A Look Back in Time: History of Placenta Cake
One of the first times plakous is mentioned as a dessert is in the poems of Archestratos. He wrote that plakous was served with nuts and dried fruits. He especially liked the version from Athens that was soaked in honey.
Antiphanes, another Greek writer from the 4th century BC, gave a detailed description. He said plakous was made with wheat flour and goat's cheese. He described it as a delightful mix of "the streams of the tawny bee" (honey) and "the curdled river of bleating she-goats" (cheese).
Later, around 160 BC, Cato the Elder shared a recipe for placenta in his book De agri cultura. Many experts believe Cato's dessert recipes were inspired by Greek cookbooks.
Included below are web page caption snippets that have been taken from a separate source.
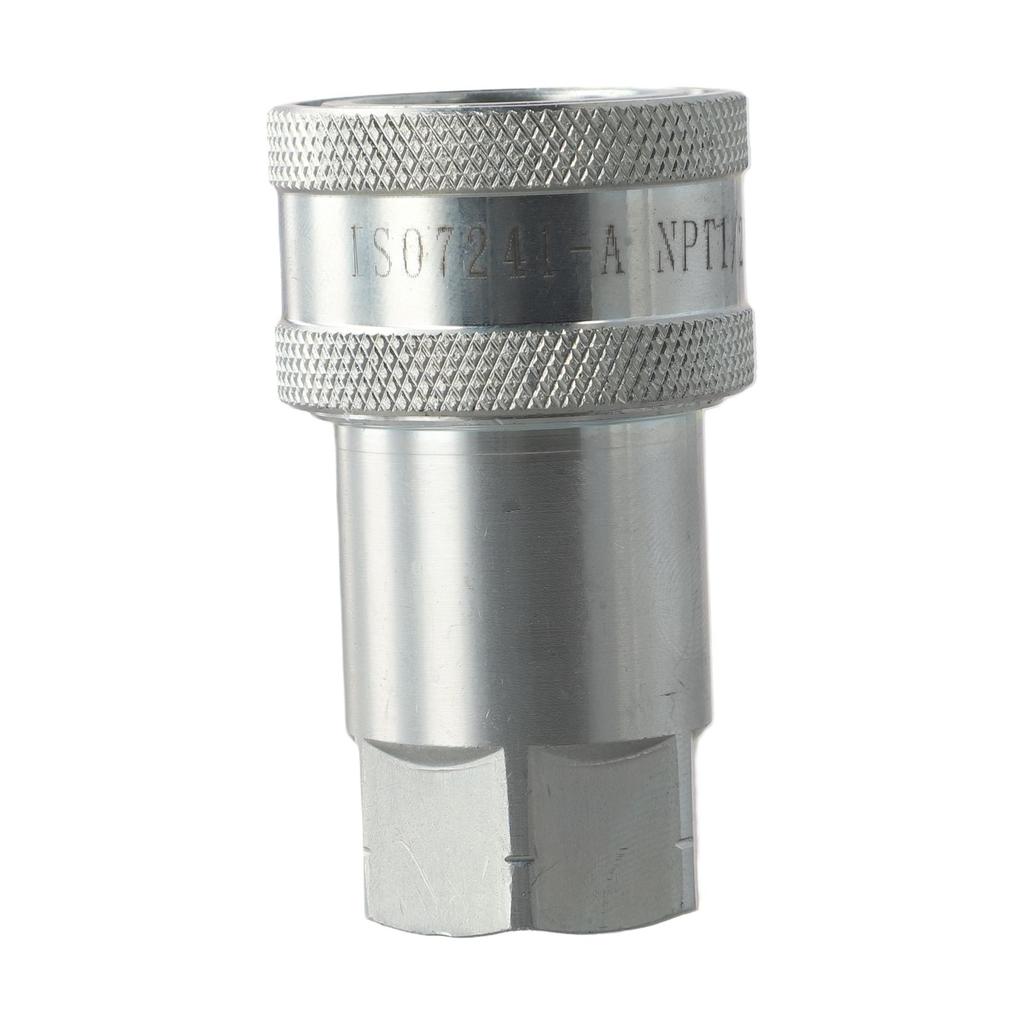1 Pc NPT1/2 High Pressure Hydraulic Oil Pipe Quick Connector For For ISO Series A Couplings Male Female Threads ISO7241-A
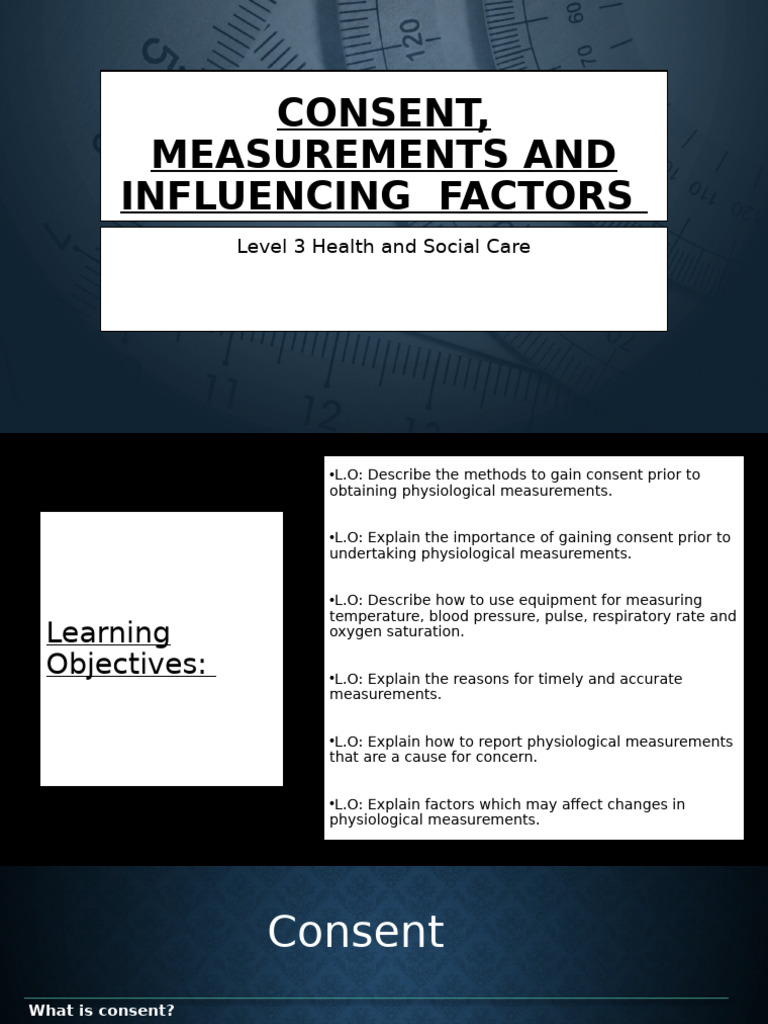 Consent and Physiological Measurements Guide | PDF | Blood Pressure | Pulse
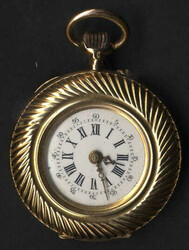 Sprungdeckel-Taschenuhr mit Kronenaufzug, vermutlich um 1900, das ...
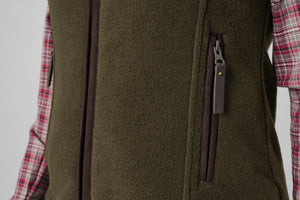 Woodcock Ivy Fleece Väst Pine green melange - Seeland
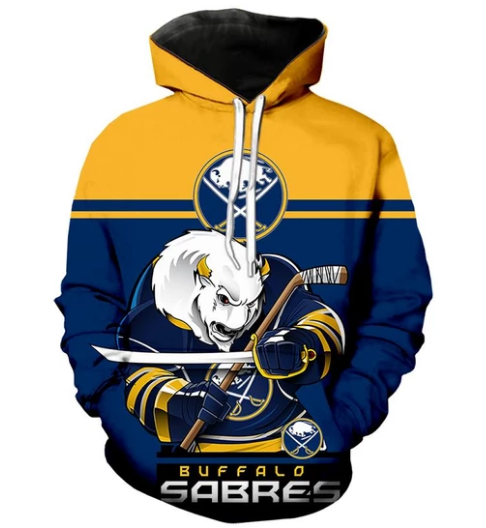 Buffalo Sabres Logo 3D Printed Pullover Hoodie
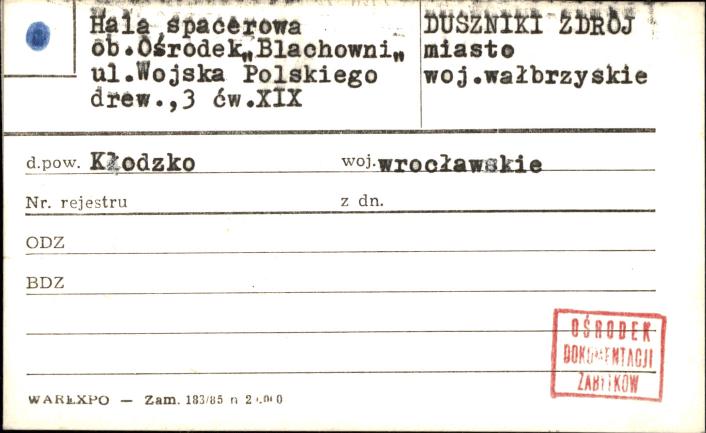 hala spacerowa, skan 1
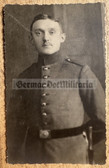 ad161 - German WW1 soldier studio portrait photo with bayonet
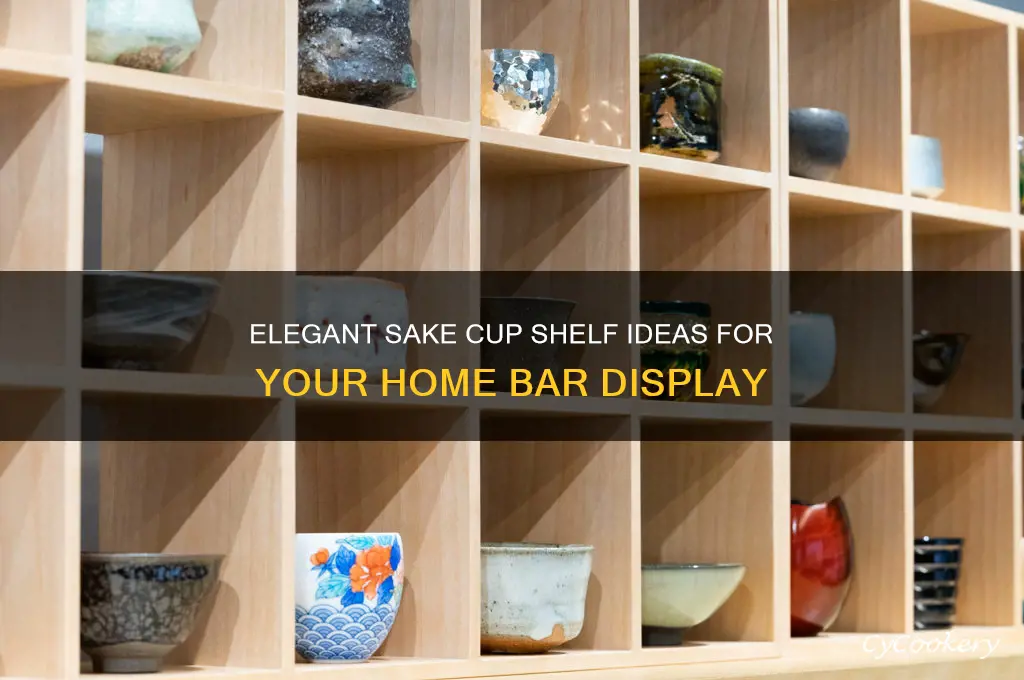 sake cup shelf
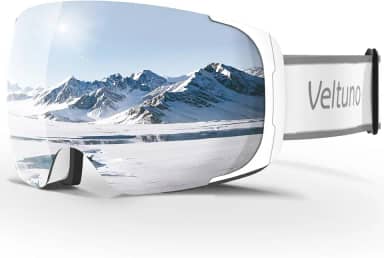 Óculos de esqui para homens, mulheres, adultos e jovens, óculos de snowboard OTG, antineblina, proteção UV, visão ampla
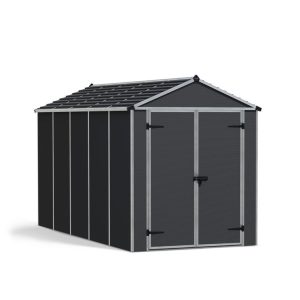 Canopia by Palram Rubicon 6 ft. W X 12 ft. D Aluminum Storage Shed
Here is how Cato described making it:
- First, you would place a row of thin dough sheets called tracta on the bottom.
- Then, you would spread a mix of cheese and honey over it.
- You would keep adding layers of tracta and the cheese-honey mix until it was all used up.
- The top layer would be tracta.
- Finally, the placenta was baked in an oven with a heated lid on top.
- Once it was ready, more honey was poured over it.
Some experts think that the plakous and placenta desserts led to later dishes. For example, plakountas tetyromenous (cheesy placenta) and koptoplakous from the Byzantine Empire might be the ancestors of modern tiropita (a Greek cheese pie) or banitsa (a Bulgarian pastry).
Today, on the Greek island of Lesbos, a dessert called placenta (πλατσέντα) is still made. It is similar to baklava, with layers of pastry filled with crushed nuts. It is baked and then covered in honey.
The dessert also traveled to other places. Through its Byzantine Greek name plakountos, it became plagindi in Armenian cuisine. This led to the Arabic name iflaghun, which was a special dish of the Cilician Armenians. This shows how the dish might have spread to the Middle East long ago.
Placenta Cake's Legacy Today
The word placenta and its related forms are still used for food names in the Balkans region.
- In Romania, you can find plăcintă. This is a baked flat pastry, often filled with cheese.
- In Serbia, there are Palačinke. These are very thin, crepe-like pancakes. They are usually rolled with sugar and jam, or served with nuts and dried fruits.
- On the Greek island of Lesbos, as mentioned, πλατσέντα is a baked dessert. It has very thin pastry layers and chopped nuts. The dough for this modern placenta is soaked in a sweet syrup, and sometimes Ouzo is added to the dough.